(Image-caption web data)
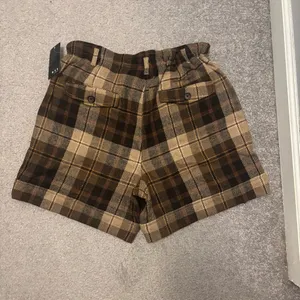 MNG by Mango Wool Plaid Brown and Tan Shorts with Drawstring Waist thumbnail 9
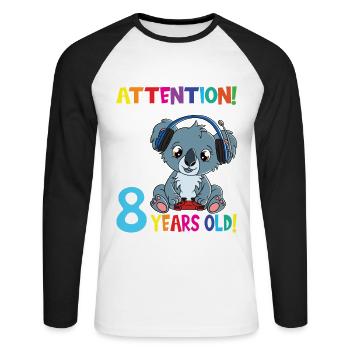 Koala Birthday I Am Now 8 Years Old - Unisex Long Sleeve Baseball T-Shirt - white/black - Front - Nik (191cm)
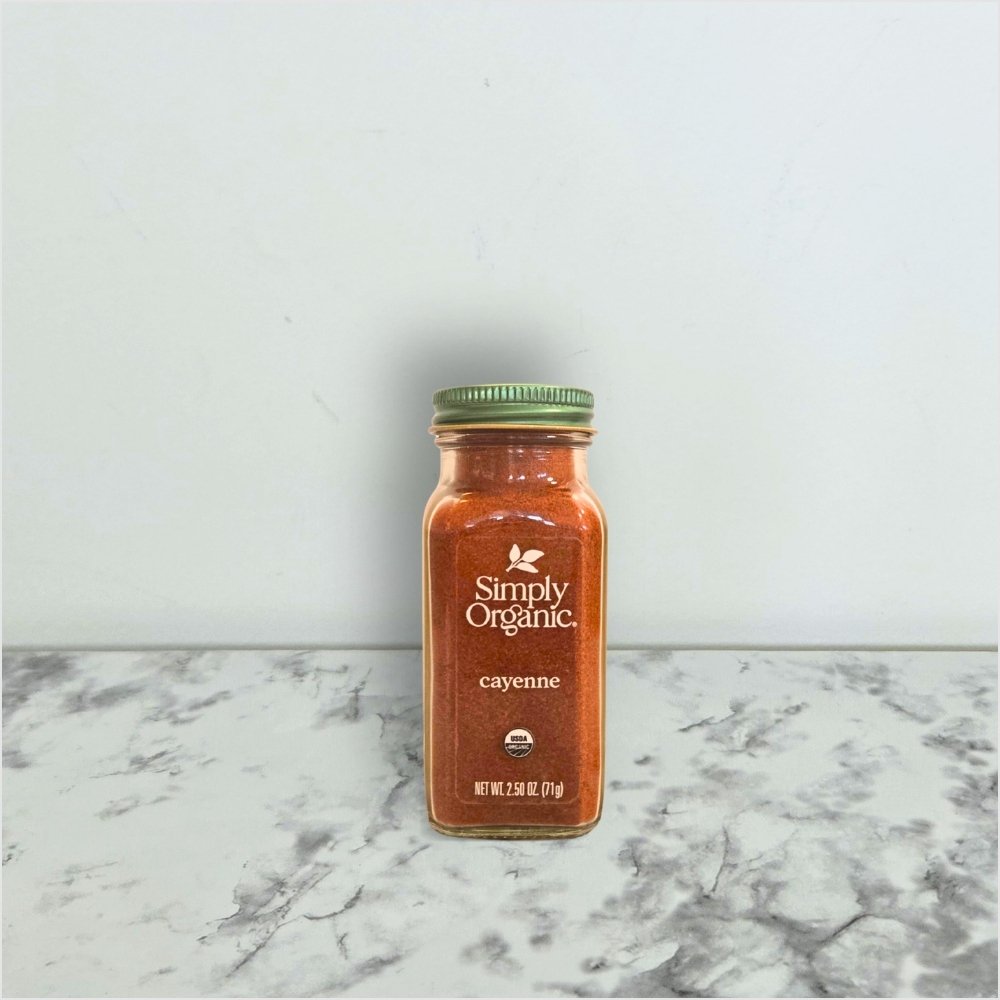 Simply Organic cayenne pepper jar for adding spicy flavor to low-sodium meals.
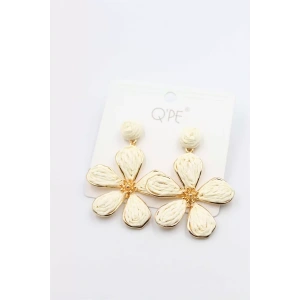 Hasır Çiçek Küpe - Krem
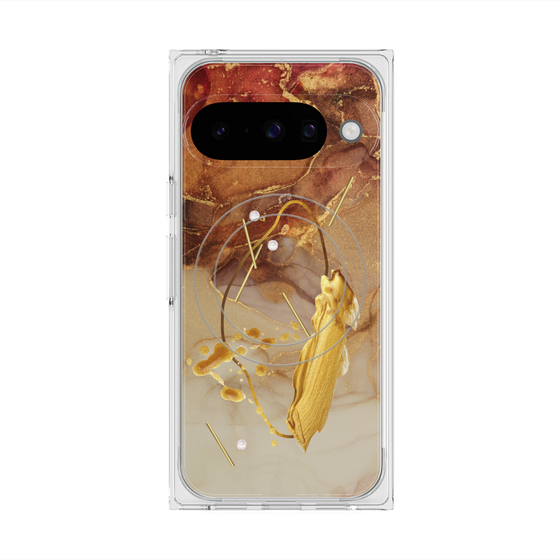 Premium Square Case with Pixelsnap［ Marble Nuance Painting Brown ］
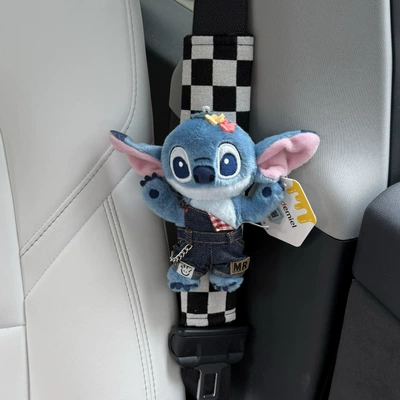 Shoulder Pad Seat Belt — Seat belt shoulder pad - checkered-jeans-cuffed-style-standing-stitch-shoulder-pads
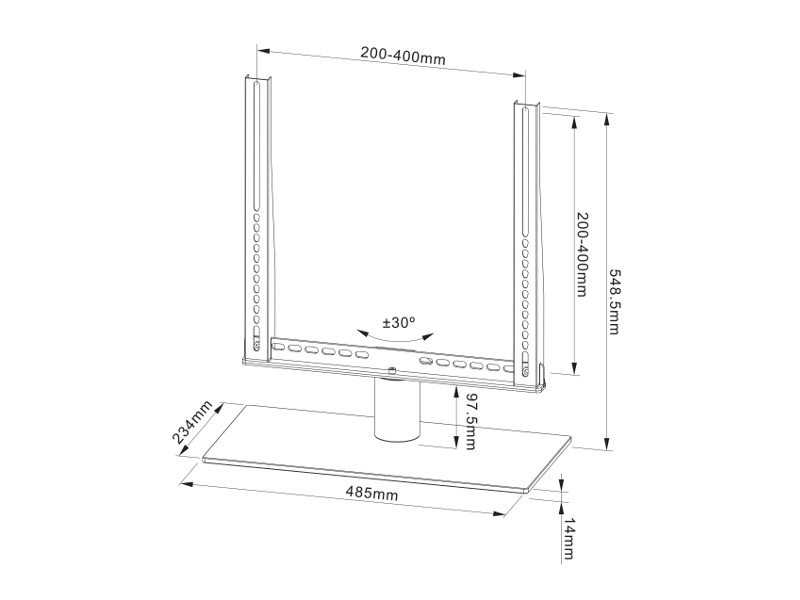 Cavus CAVTSM TV Tischständer schwenkbar Maße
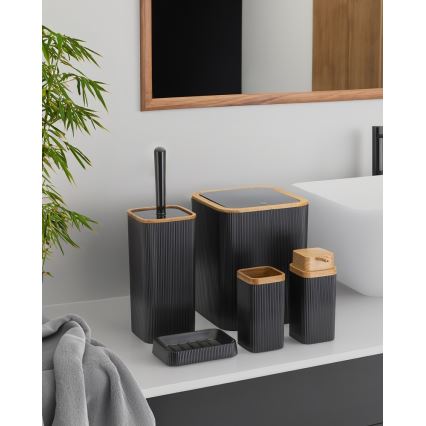 Badeværelsessæt ZOYA 5 stk. sort/brun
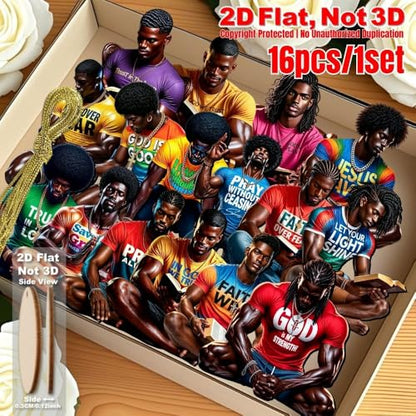 16Pcs AdornJoy African American Christian Men Wooden Ornaments, 2D Flat Faith Bible Quote Black Man Hanging Decor, Religious Scripture Pendant for Home, Yard & Holiday Decor, Christian Gift
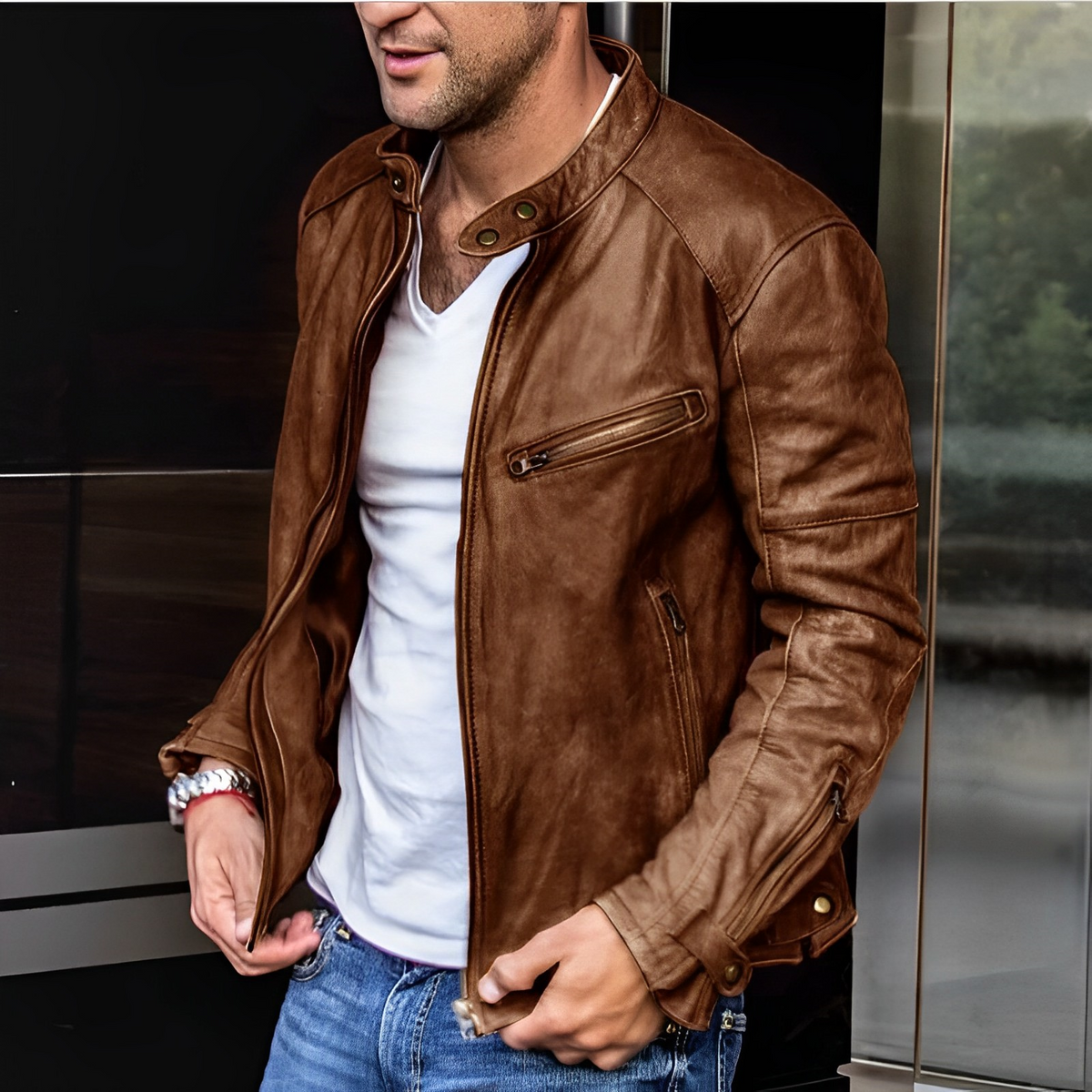 Men's biker jacket with stand collar, long sleeves and multiple zip pockets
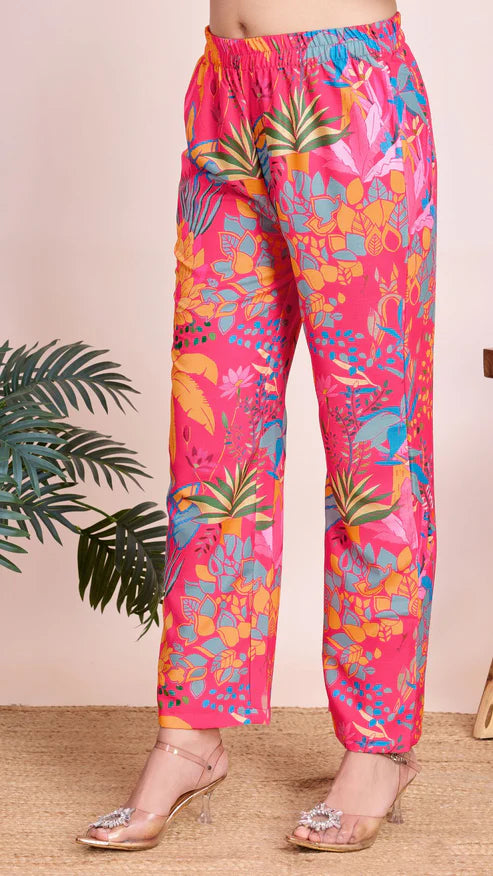 Rayon Slub summer special pink co-ord set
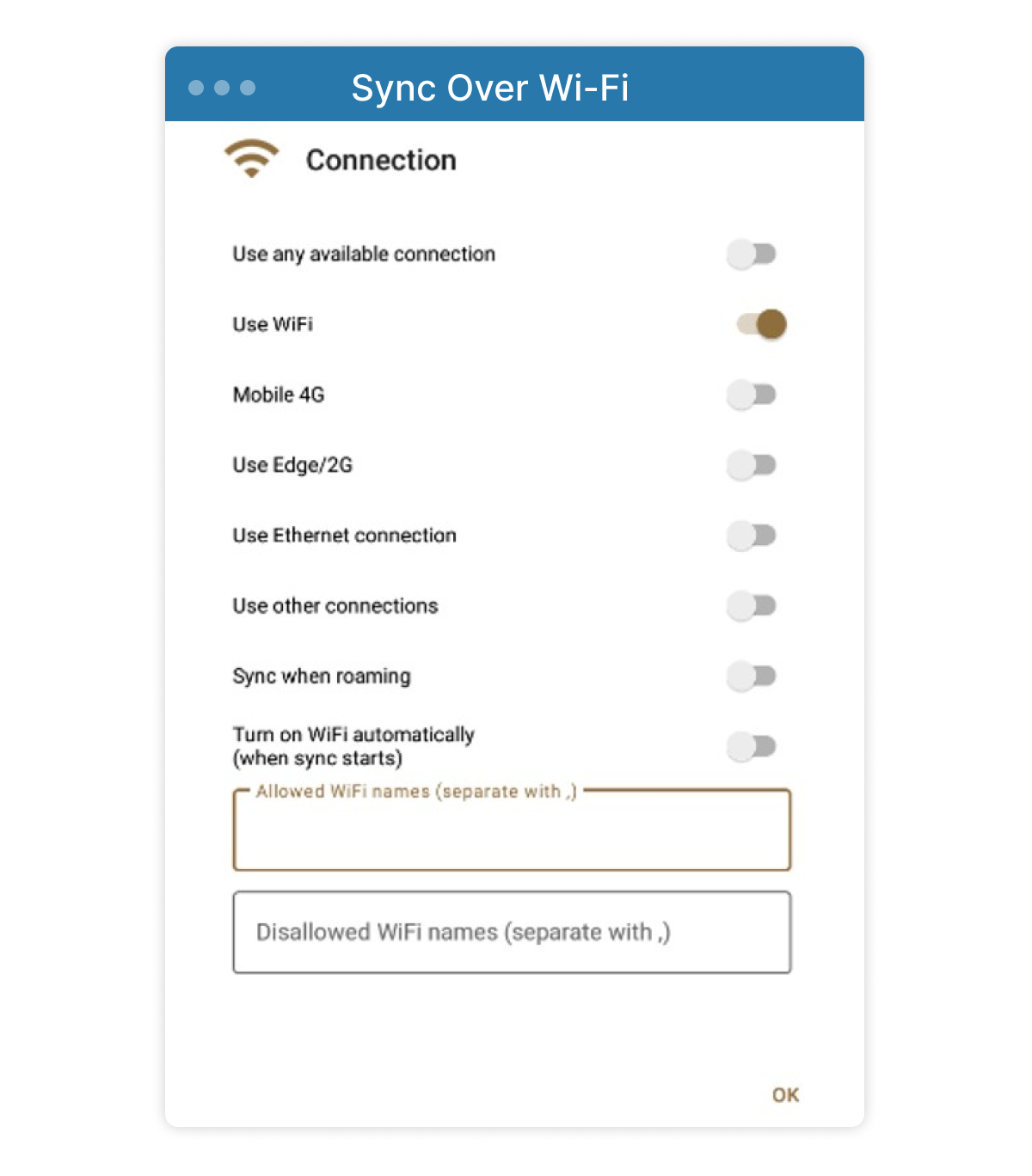 Screenshot of network settings to enforce syncing only over same wi-fi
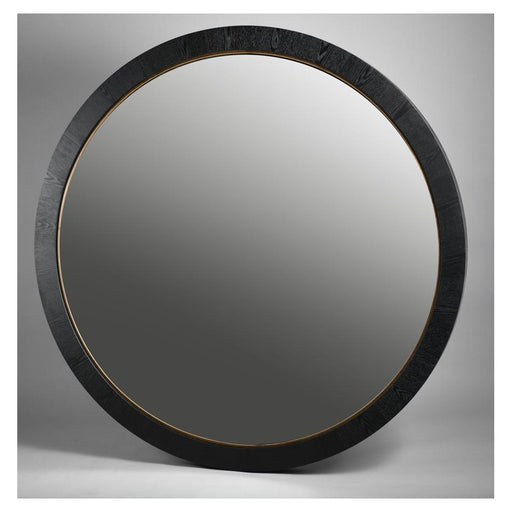 Rembrandt Round Mirror Black Oak & Gold 800mm EM8006_2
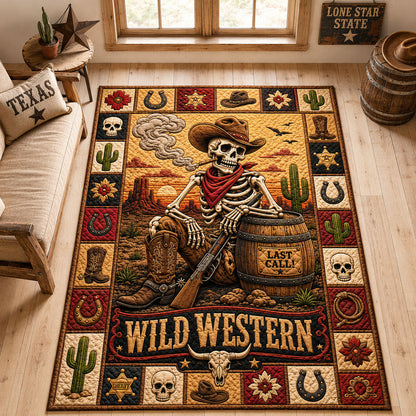 Last Call Skeleton Cowboy Area Rug GFTOHNL1553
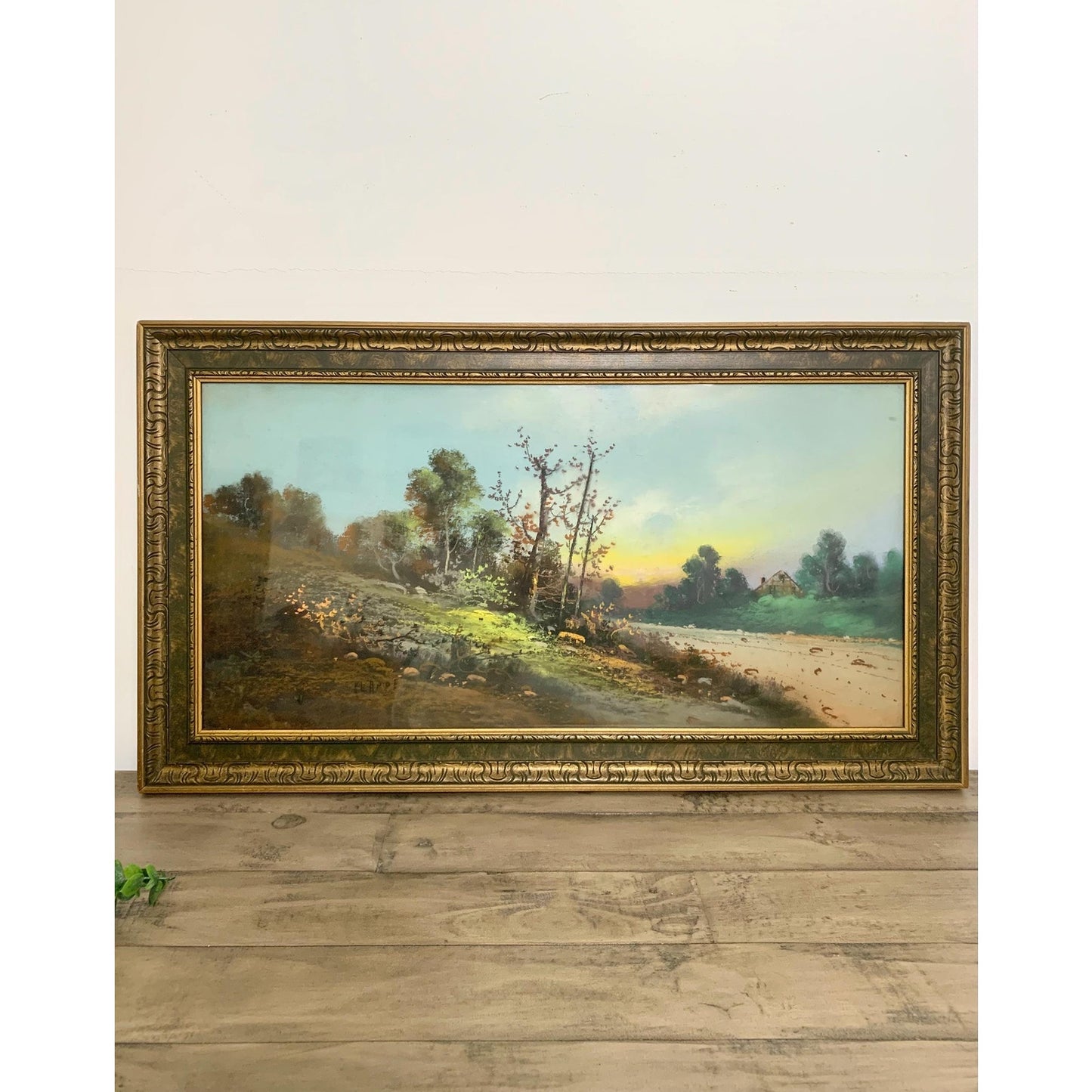 Vintage Pastel Landscape Painting Signed Elande, Framed Countryside Scene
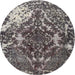 Round Traditional Dark Gray Persian Rug, tr3366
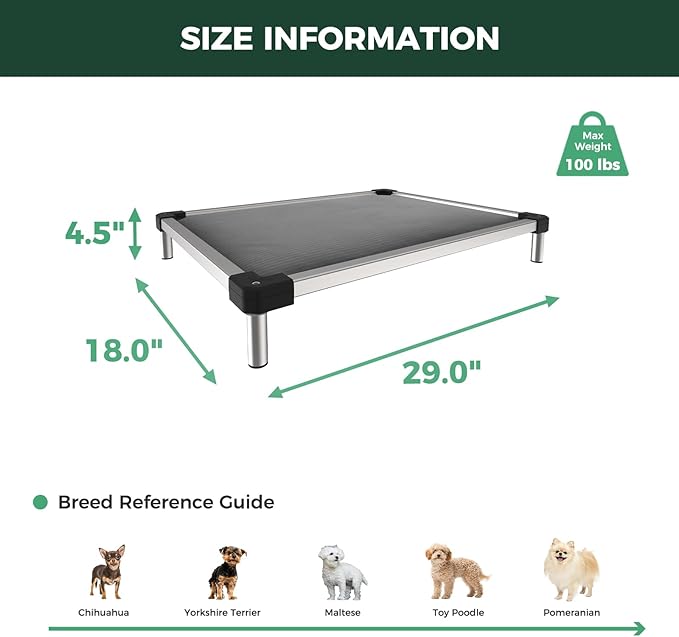 FXW TitanNest Chew-Proof Elevated Dog Bed, Raised Cot for Indoor/Outdoor/Camping Use, Durable & Washable Padded Pet Bed for Extra-Small Dogs, 29.0" L x 18.0" W x 4.5" H, Gray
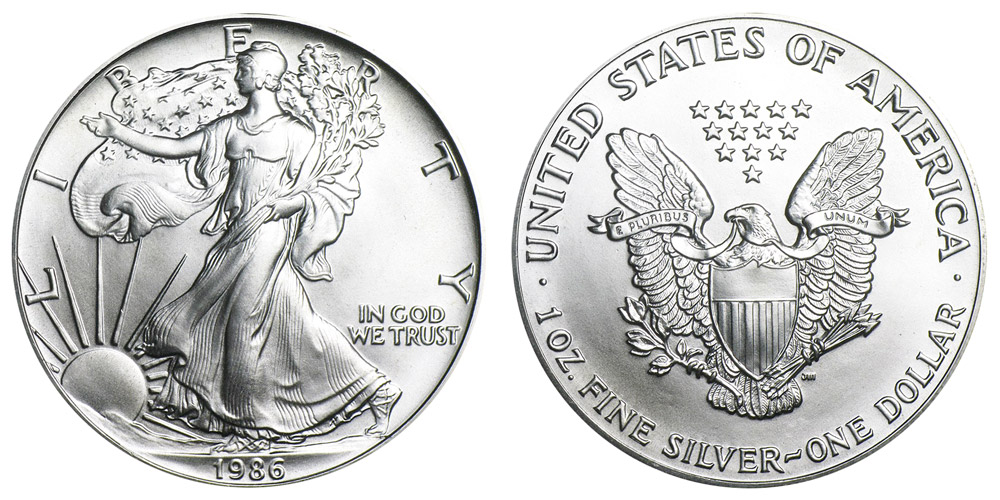 1986 S American Silver Eagle Bullion Coin Bullion (No Mint Mark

→ Task description: Reproduce each record above by retyping it exactly; omit all images.

→ Answer section:
 MNG by Mango Wool Plaid Brown and Tan Shorts with Drawstring Waist thumbnail 9
 Koala Birthday I Am Now 8 Years Old - Unisex Long Sleeve Baseball T-Shirt - white/black - Front - Nik (191cm)
 Simply Organic cayenne pepper jar for adding spicy flavor to low-sodium meals.
 Hasır Çiçek Küpe - Krem
 Premium Square Case with Pixelsnap［ Marble Nuance Painting Brown ］
 Shoulder Pad Seat Belt — Seat belt shoulder pad - checkered-jeans-cuffed-style-standing-stitch-shoulder-pads
 Cavus CAVTSM TV Tischständer schwenkbar Maße
 Badeværelsessæt ZOYA 5 stk. sort/brun
 16Pcs AdornJoy African American Christian Men Wooden Ornaments, 2D Flat Faith Bible Quote Black Man Hanging Decor, Religious Scripture Pendant for Home, Yard & Holiday Decor, Christian Gift
 Men's biker jacket with stand collar, long sleeves and multiple zip pockets
 Rayon Slub summer special pink co-ord set
 Screenshot of network settings to enforce syncing only over same wi-fi
 Rembrandt Round Mirror Black Oak & Gold 800mm EM8006_2
 Last Call Skeleton Cowboy Area Rug GFTOHNL1553
 Vintage Pastel Landscape Painting Signed Elande, Framed Countryside Scene
 Round Traditional Dark Gray Persian Rug, tr3366
 FXW TitanNest Chew-Proof Elevated Dog Bed, Raised Cot for Indoor/Outdoor/Camping Use, Durable & Washable Padded Pet Bed for Extra-Small Dogs, 29.0" L x 18.0" W x 4.5" H, Gray
 1986 S American Silver Eagle Bullion Coin Bullion (No Mint Mark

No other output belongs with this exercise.